However, the zoo component as it stood in 2011 was very far from world-class, with simple cage enclosures typical of earlier decades housing a standard variety of smaller and less expensive to maintain animals. For those who can pay more, the city has a much more modern zoological experience nearby in the form of Ocean Park.
Something called “Tai Chi Wheels” you’re supposed to spin as exercise.
Figuring out where to go next…
Like the British, Hong Kong drives on the left side of the road, while the rest of China drives on the right, adding an extra complexity to the already-complex Hong Kong-Mainland border crossings.
Passing by the US Consulate in Hong Kong on the way to the next stop, a decidedly (purposely?) unwelcoming looking structure squeezed in along the side of the road.
The fact that Hong Kong has its own amusing loonies on full public display is actually a reassuring sign for the city’s increasingly-besieged civil liberty laws.
Hong Kong’s skyscrapers look spectacular against a clear blue spring sky.
Although it’s not the tallest, the Bank of China Tower is probably Hong Kong’s most famous and architecturally distinctive skyscraper.

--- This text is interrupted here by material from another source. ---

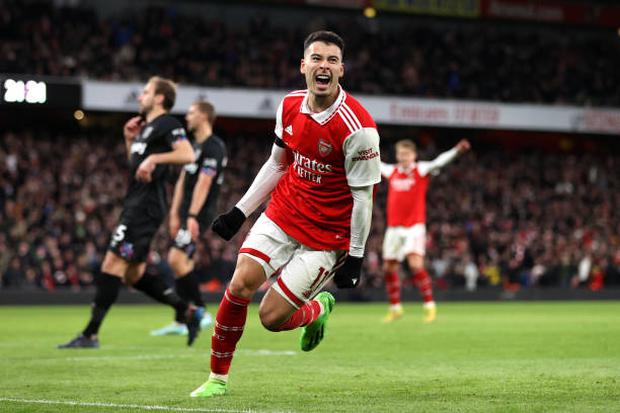 Gabriel Martinelli renovó con Arsenal hasta 2027. (Foto: Getty Images)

Interestingly, it achieved that identity despite (or maybe because of?) the fact it deliberately ignored feng shui principles, unlike most other buildings in the city. While feng shui is complex, from my understanding its unlucky reputation primarily comes down to the sharp, knife-like design and the X’s along the tower (which, with their four points, symbolize death, as the Chinese words for 4 and death are similar).
With that in mind, it seemed like a good idea to go up the tower!
Like Central Plaza and IFC2, the Bank of China Tower offered a free public observation deck (if unadvertised, accessible only after signing in and receiving a visitor pass at the front desk). I was hoping that this observation deck might get me closer to the actual top of the tower, but it once again turned out to only be located only part way. Still, thanks to the prime location the view might have been slightly superior to the other two.
The observation deck also hosted a partial model of Hong Kong with the Bank of China Tower.
Also of note, the nearby HSBC Tower features some cannon-like maintenance cranes affixed to the top of the structure. Apparently these are pointed at the Bank of China Tower, added after that tower was constructed in order to fend off its negative energy.
Spring also brought plenty of rain, which we encountered during a group outing to visit a Fisherman’s Temple in Yuen Long district.
I tried adding an incense stick but apparently I upset the god of the seas because as I was placing it the top part of the burning ash fell off and burned my hand.
That evening we went out for a group dinner of Poon Choi, a communal Cantonese dish that translates as “big bowl feast”. While I didn’t sample everything that came in it (mostly meats of various provenance), I did get my first taste of octopus and pig skin.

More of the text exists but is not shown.